# Öffenlicher Bereich > TV Tips zu Thailand >  Heute 20Uhr15 ZDF Traumschiff Thailand

## schiene

Für alle "Traumschiffgucker"Heute 20Uhr15 auf dem Seniorenkanal ZDF.
Meine Mama (82 Jahre) schauts auch!ich nicht!
Viel Spaß :schlecht:

----------

Welche Folge isses denn ? ...gibt drumm zwei mit Thailand

----------


## Daniel Sun

Der große ZDF-Sonntagsfilm
Das Traumschiff
Thailand
Die große Thailand-Reise ist nicht nur für die Passagiere ein Höhepunkt der Kreuzfahrt, sondern auch immer wieder für Kapitän Paulsen und seine Mannschaft. Auch diesmal sind wieder besonders aufregende Landausflüge vorgesehen.

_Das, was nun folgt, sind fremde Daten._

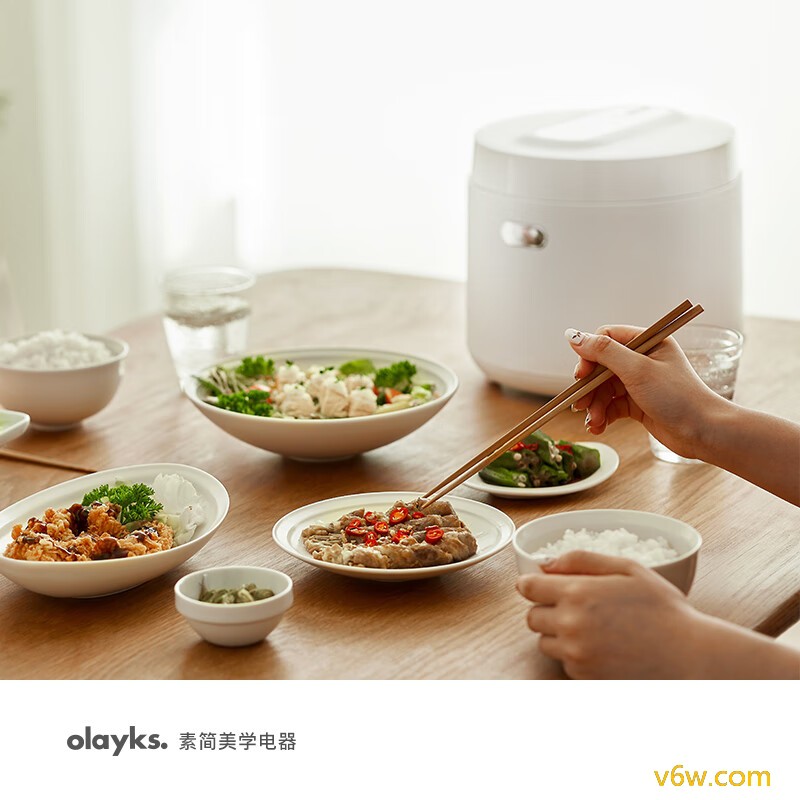 欧莱克OLK-20D电饭煲图片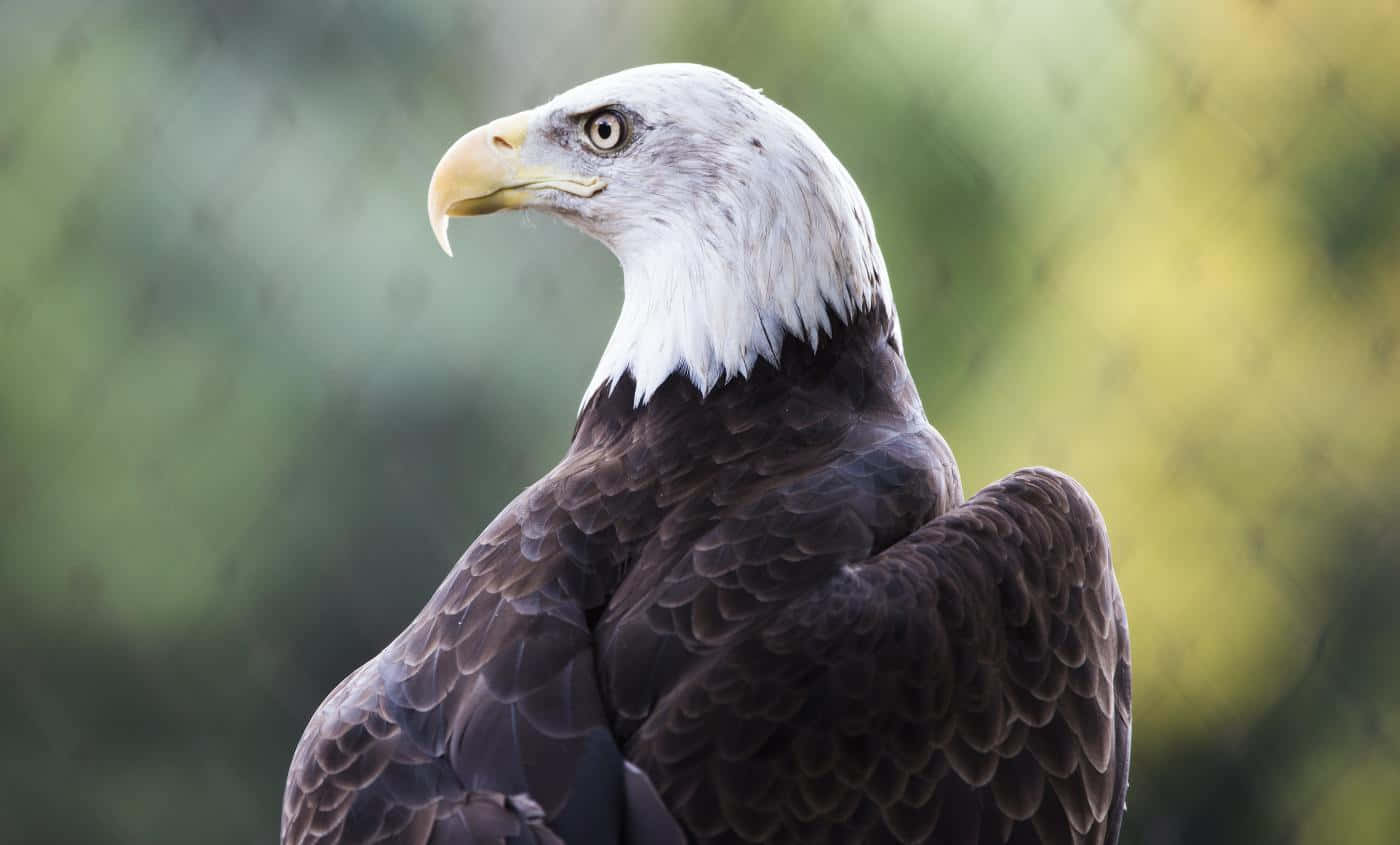 Bald Eagle Side Profile Pictures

Unter den Gästen ist Rudi Martini, ein pensionierter Tierpfleger, der seine Kindheit in Thailand verbracht hat. Von seiner verstorbenen Schwester hat er nun ein Hotel in Thailand geerbt, das er verkaufen will. Und er hat für seinen neuen Reichtum auch schon große Pläne. Er verteilt in Erwartung des hohen Gewinns aus dem Hotelverkauf großzügige Trinkgelder und springt ein, wenn jemand knapp bei Kasse ist. Noch ahnt er nicht, dass ihm noch einige Überraschungen bevorstehen werden...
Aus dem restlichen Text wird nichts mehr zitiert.